Being a great listener under pressure enables you to ask the questions that need to be asked. You will be seen as composed, clever and capable. You will be more effective in the job.
But being a great listener is not easy. Because our brains are so effective, we jump ahead. We project our opinions; we tell ourselves why the other person is wrong; we interrupt. Our self-talk gets in the way of listening well and communication suffers.
Becoming a better listener provides useful tips for staying in the moment and modelling your “A” game as a communicator.
The following actions can help you become a better listener:
- Think about what you do now
- Listen to yourself
- Bring a curious and respectful mindset
- Listen to the content
- Listen for meaning
- Listen for and acknowledge, feelings
- Breathe
- Value and leverage silence
How can I use this in my work?

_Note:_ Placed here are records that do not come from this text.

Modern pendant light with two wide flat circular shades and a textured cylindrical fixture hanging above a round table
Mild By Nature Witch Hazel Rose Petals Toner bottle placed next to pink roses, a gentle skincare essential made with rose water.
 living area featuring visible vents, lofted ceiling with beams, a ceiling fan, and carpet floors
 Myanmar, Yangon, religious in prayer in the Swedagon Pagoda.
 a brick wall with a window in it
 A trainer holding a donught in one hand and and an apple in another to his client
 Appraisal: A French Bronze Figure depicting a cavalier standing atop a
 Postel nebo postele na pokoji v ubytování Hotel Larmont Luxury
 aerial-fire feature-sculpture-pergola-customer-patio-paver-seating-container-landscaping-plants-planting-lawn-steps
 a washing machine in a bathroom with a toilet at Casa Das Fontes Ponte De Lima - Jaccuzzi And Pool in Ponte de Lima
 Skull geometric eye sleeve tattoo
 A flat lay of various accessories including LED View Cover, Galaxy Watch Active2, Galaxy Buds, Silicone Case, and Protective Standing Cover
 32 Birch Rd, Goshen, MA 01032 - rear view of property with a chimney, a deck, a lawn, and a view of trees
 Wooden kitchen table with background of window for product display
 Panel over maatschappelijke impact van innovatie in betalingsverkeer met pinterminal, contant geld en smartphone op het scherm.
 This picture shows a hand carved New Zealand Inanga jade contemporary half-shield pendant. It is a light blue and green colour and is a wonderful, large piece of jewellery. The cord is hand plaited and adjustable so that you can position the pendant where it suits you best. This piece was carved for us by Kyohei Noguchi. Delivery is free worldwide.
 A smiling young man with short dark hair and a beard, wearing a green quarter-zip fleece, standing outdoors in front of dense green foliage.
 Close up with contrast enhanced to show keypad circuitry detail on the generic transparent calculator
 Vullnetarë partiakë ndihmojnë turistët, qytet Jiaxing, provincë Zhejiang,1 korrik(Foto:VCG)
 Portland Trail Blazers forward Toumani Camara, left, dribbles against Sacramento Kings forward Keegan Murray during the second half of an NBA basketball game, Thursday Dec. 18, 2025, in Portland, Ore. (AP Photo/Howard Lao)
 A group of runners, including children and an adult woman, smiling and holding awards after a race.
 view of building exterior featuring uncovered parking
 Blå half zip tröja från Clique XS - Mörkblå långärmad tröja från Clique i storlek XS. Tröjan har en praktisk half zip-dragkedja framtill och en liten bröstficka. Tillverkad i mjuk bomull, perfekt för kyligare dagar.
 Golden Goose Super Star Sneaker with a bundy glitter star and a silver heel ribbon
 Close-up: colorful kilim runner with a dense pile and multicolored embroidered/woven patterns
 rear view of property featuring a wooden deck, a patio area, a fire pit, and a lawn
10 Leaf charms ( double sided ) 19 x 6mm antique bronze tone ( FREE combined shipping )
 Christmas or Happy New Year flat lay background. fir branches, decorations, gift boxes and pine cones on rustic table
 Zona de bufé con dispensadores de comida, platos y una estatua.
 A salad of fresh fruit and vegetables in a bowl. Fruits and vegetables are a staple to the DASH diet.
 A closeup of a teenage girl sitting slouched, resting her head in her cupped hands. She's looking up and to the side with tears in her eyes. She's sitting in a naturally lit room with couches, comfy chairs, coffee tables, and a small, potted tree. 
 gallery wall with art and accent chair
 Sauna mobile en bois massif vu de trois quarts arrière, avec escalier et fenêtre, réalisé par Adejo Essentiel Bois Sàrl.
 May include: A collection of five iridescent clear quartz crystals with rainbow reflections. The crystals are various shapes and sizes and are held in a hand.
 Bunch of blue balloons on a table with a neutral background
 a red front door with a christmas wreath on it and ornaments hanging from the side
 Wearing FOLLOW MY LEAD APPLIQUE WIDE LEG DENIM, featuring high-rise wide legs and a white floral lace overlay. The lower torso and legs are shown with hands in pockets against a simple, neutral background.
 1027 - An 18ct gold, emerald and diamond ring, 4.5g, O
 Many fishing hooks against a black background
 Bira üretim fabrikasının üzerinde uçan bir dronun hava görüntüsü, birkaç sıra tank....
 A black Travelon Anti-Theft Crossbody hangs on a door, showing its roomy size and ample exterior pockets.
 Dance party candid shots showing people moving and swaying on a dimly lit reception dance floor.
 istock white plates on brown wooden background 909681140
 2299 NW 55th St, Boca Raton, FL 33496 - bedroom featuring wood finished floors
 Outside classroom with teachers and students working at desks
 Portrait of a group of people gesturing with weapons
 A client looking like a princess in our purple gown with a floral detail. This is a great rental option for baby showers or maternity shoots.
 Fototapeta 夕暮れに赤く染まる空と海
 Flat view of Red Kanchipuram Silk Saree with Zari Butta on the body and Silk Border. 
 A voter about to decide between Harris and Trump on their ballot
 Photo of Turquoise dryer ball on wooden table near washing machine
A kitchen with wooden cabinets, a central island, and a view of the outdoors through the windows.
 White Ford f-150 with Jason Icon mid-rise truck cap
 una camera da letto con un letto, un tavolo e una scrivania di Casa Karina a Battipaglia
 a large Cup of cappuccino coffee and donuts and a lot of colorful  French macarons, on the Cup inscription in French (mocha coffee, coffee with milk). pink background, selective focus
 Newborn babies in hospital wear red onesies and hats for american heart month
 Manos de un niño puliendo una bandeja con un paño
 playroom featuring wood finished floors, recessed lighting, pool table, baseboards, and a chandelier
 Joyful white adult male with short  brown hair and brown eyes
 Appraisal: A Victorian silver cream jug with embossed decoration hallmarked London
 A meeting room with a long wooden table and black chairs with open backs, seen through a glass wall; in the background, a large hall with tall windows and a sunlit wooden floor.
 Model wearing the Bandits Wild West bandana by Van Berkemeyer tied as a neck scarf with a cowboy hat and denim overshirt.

How can I make this work? How can I apply it? How can I use this in the real world?
- Think about what you do now – get feedback from people you know well on how good a listener you are. Ask people who you trust and interact with regularly to rate you on a 1-5 scale (where 1 is never, 2 is rarely, 3 is sometimes, 4 is often and 5 is always) in relation to the following questions:
During our conversations, do I:
- Give you plenty of time to talk and reflect?
- Make you feel like I am totally focused on what you are saying?
- Bring a genuinely curious mindset?
- Maintain eye contact?
- Ask open questions that encourage you to share your views?
- Listen without interrupting?
- Create an atmosphere of trust and connection through listening?
- Demonstrate I have understood what has been said by summarising and paraphrasing?
- Listen to yourself – “only when you are fully aware of your own thoughts can you begin to manage them and focus on the other person.” – Difficult Conversations. Being conscious of what you are thinking and feeling can help you manage the conversation.
- Bring a curious and respectful mindset – have a genuine interest in understanding the other persons perspective. Be curious. Ask open questions. (See The Power of Curiosity). People respond positively when they think you are genuinely interested in understanding the situation.
- Listen to the content – One of the simplest ways to keep your focus during a conversation is to listen to what the other person is saying and summarise it back to them. For example, you can use phrases such as, ‘so my understanding of what you’re saying is…’ or ‘What I’m hearing you say is…’. This helps manage your desire to interrupt before the other person finishes speaking.
- Listen for meaning – Besides listening to words, you need to be listening more broadly with all your senses. Look for hidden meaning. Non-verbal cues such as facial expressions, tone of voice and body language, will often provide you with more information about what someone is saying than the words themselves.
- Listen for and acknowledge, feelings – Feelings crave acknowledgment. Listen for the emotions behind the words. Saying things like, ‘I’m getting a sense you’re unhappy with my response’ or ‘It sounds like you’re frustrated with the situation’ can often shift the conversation. When you acknowledge the other person’s feelings, they perceive you care about them. And even if you misinterpret their emotional state, they’ll still appreciate your effort to understand how they are feeling.
- Breathe – Taking a slow, deep breath helps you keep your composure and focus, which is critical when you’re trying to listen. When in a conversation, make it a practice to take slow deep breaths periodically to nourish your brain and stay in the moment.
- Value and leverage silence – Skilled listeners leverage pauses and silence in conversations. They don’t immediately rush to share their own thoughts or ask a question, but instead hold back and give the other person the chance to reflect and add to what they have already said. Being comfortable with silence is invaluable. It gives people a chance to reflect and refine what they want to say.
Checklist of up to three actions/steps to put this skill into practice
- Ask friends/colleagues to give you feedback on how you currently listen (see the questions above).
- During conversations, practice summarising and paraphrasing to increase your understanding and reduce your desire to interrupt.
- During conversations, practice holding back when the other person goes silent – wait for the other person to expand or continue.